Of course, it is only fair that we also guard against over-collection of tax. The Bill addresses a concern here, too. It will do so by enabling HMRC to reduce the off-payroll working PAYE liability of a deemed employer who is responsible for ensuring that PAYE is calculated and sent to HMRC correctly. This will apply where that engagement is incorrectly treated as self-employed for tax purposes.
It also remains important that we are in lockstep with our international partners during such unprecedented times. In spring, we legislated to implement OECD pillar two in the UK, building on the historic agreement built by the Prime Minister, to a two-pillar solution to the tax challenges of a globalised digital economy. In the Bill, we are making technical amendments to the main pillar two rules identified from stakeholder consultation. That is to ensure that the UK remains consistent with the latest internationally agreed guidance.

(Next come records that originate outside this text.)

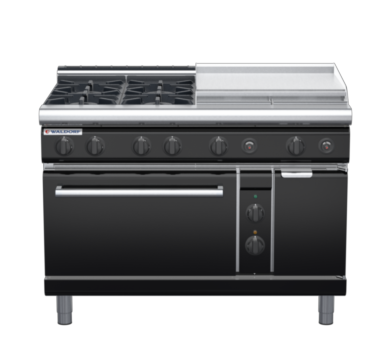 waldorf bold rn8816gecl-b0 1200mm gas oven range with low splashback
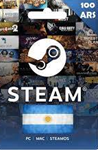 Steam wallet gift code 100 ARS (for Argentina)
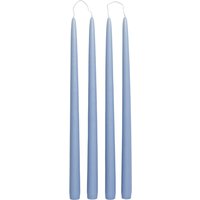 Broste Copenhagen - Getauchte Stabkerze, Ø 2,2 cm, plein air light blue (4er-Set) von Broste Copenhagen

The Bill builds on the autumn statement that focused on the long-term growth of the UK economy and sound economic policy. What a contrast to Labour’s fantasy economics, including £28 billion per year of additional spending without any idea where that money will come from—although we all know at heart that it will be taxpayers or through more debt, which is, of course, just deferred taxation. In contrast, this Finance Bill backs British businesses, rewards hard work, and supports a modern and simpler tax system. In doing so, it delivers on the Government’s commitments to prioritise economic growth, encourage business investment, nurture innovation and simplify our tax system to combat tax avoidance. For those reasons, I commend the Bill to the House.
I thank my hon. Friend for her intervention on that point, and we will certainly raise questions on her behalf in Committee to try to get clarity from the Government. As she rightly points out, clarity and certainty have been distinctly lacking from this Government over a whole range of topics. We will certainly press them on that in Committee.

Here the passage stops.